The Basketball Hall of Fame, or as I call it, the College Coaches Hall of Fame, lost any remaining shred of credibility this week with the announcement that this year's inductees included three college coaches but no NBA players. Superstar Dominique Wilkins was among those inexplicably denied entry.
This year's class (Jim Boeheim, Jim Calhoun, Sue Ginter, Hubie Brown and Hortencia de Fantima Marcari) represents the perfect storm, a selection so egregiously flawed that one hopes it will compel the institution to reform itself.
Now before you Big East fans get your shorts in a wad, just do me a favor: Compare the list of college coaches in the Hall with the list of pro players and coaches. The NBA is a higher, more difficult level than college hoops, as countless Tim Floyds and Rick Pitinos prove every year, but you'd never know that from a trip to Springfield.
Included among the Pantheon are a plethora of NCAA coaches who never got near the national title game, let alone won it. But if you're an NBA coach, winning a title is the minimum standard, and even then it's no guarantee (just ask Bill Fitch or Dick Motta).

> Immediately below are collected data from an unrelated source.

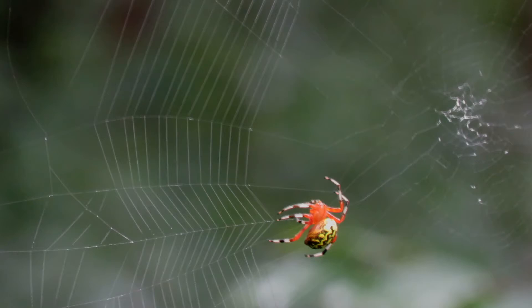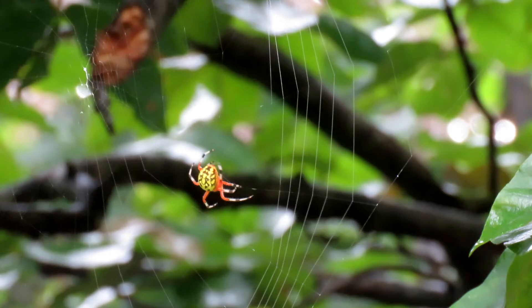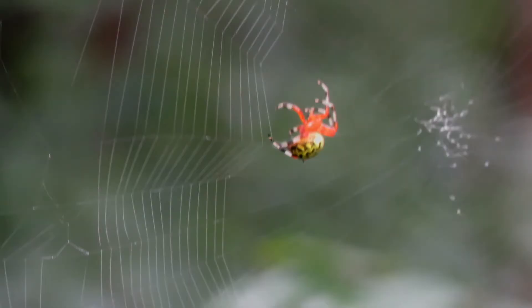She began at the outside edges and is working her way to the center, releasing the thread from her spinneret and using her feet to attach the sticky line to the radial threads. Her feet don't get caught in the sticky parts because they only touch the web with the tiniest point of her legs.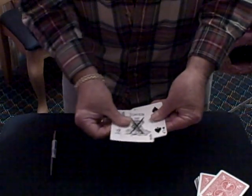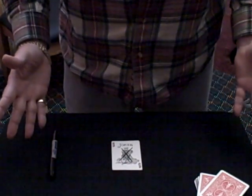Let's see what we got here with all the jokers. That's it. Brand new twist and turn.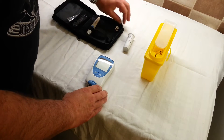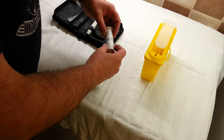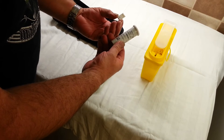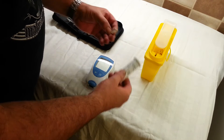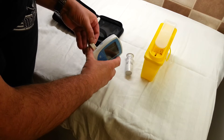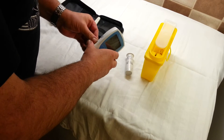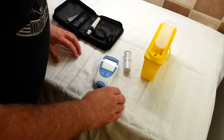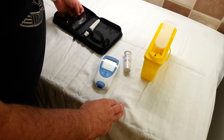The way the strips work, and to ensure accuracy, is that each batch of strips is given a batch number and a chip is put in the packet with it. That chip is inserted into the side of the tester, and the quality control information for this batch of strips is then loaded into the machine.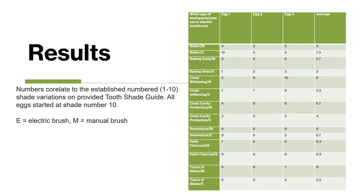This is a chart where all the data from the experiment was entered. Numbers correlate to the established numbered shade variations on the provided tooth shade guide. All eggs started at shade number 10. E stands for electric brush and M stands for manual brush.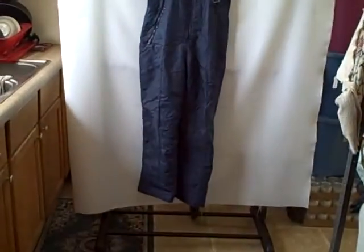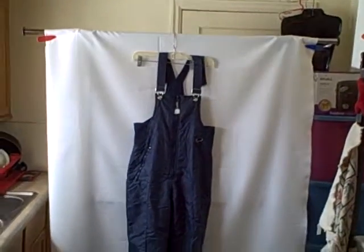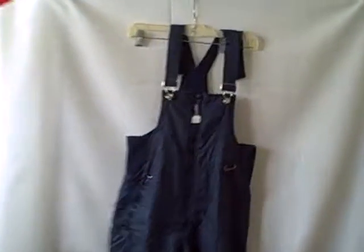Here we have a lady's snowsuit from JC Penney, size small. It's in real good shape but it does have a nick right here. Other than that, it's in real good shape — still very usable. Ladies size small with adjustable straps.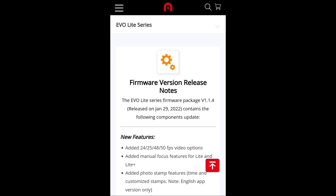The new features include added 24, 25, 48, and 50 frames per second video options — this is quite big. In addition, there will be added manual focus features for the EvoLite and EvoLite Plus, and also added photo stamp features including time and customized stamps. Note: English app version only — something to keep in mind.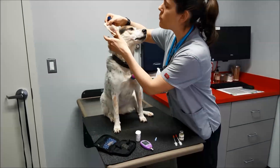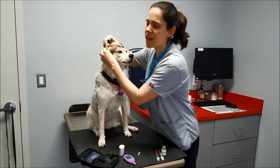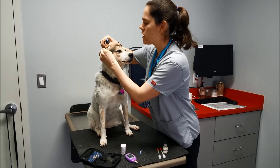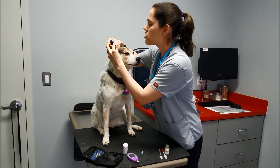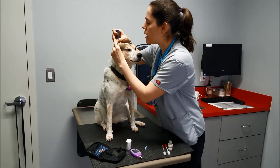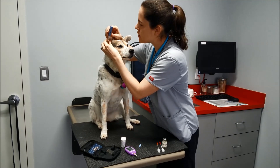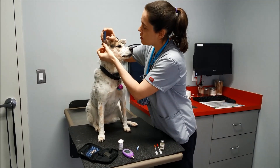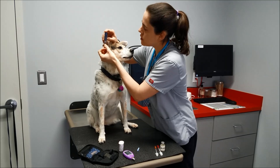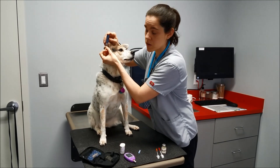We're gonna choose a place on her ear to get to. Massage the area, kind of desensitize it, and also get some blood flowing in that ear. We'll choose right about here. I like to hold my finger underneath to give it some stability and press the button. I also like to hold it in place for a little bit because it creates a little bit of suction there.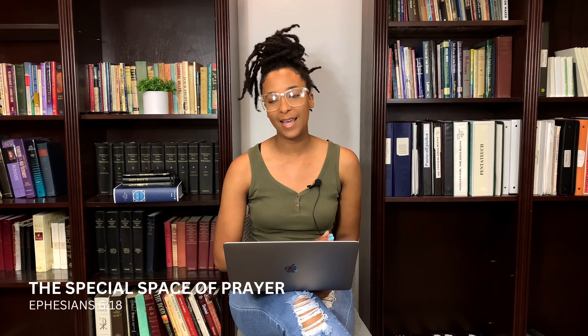Hi, everyone. Welcome to The Devotional Live. I am Jonna Murray, the Children's Ministry Director here at Life Community Church, and I want to share with you guys a scripture that really touched my heart this past week, and that was Ephesians 6:18.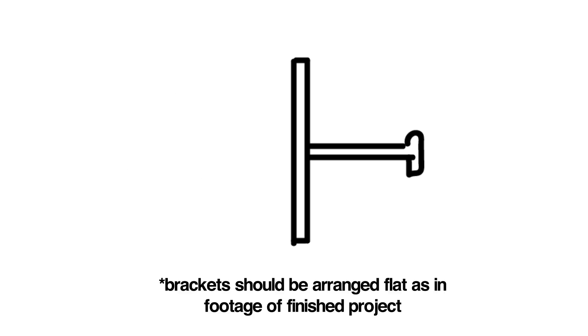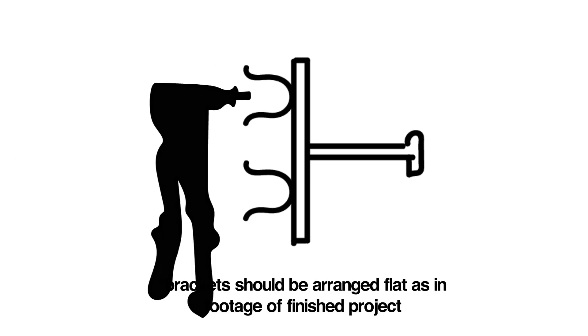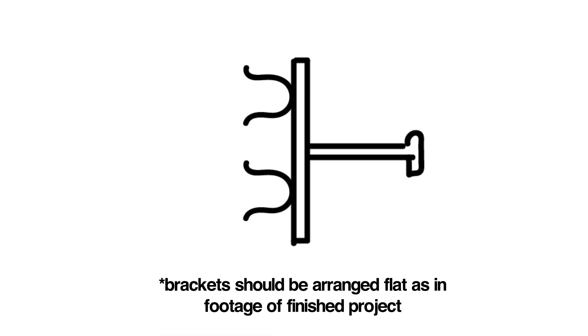For the actual construction, screw some holes into the baby pin at the same width that you will need for the rivets. Take the brackets, put them in. Rivet gun. It's genuinely that easy. This took us half an hour.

Since 1997, exactly five pro coaches have been elected into the Hall of Fame, one of whom (Larry Brown) probably would have been stiffed if he hadn't also won an NCAA title. In that same span, the Hall honored 16 NCAA coaches nine from the men's game and seven from the women's game.
While it was at it, the selection committee opened the doors to two foreign coaches, and even a high school coach. Including this year's class, there are 74 coaches in the Hall, of whom exactly 10 did the majority of their work in the NBA. Can you imagine going to Cooperstown and seeing that Triple-A managers outnumbered their major-league counterparts by six to one? Yet that's effectively what the Basketball Hall of Fame has done.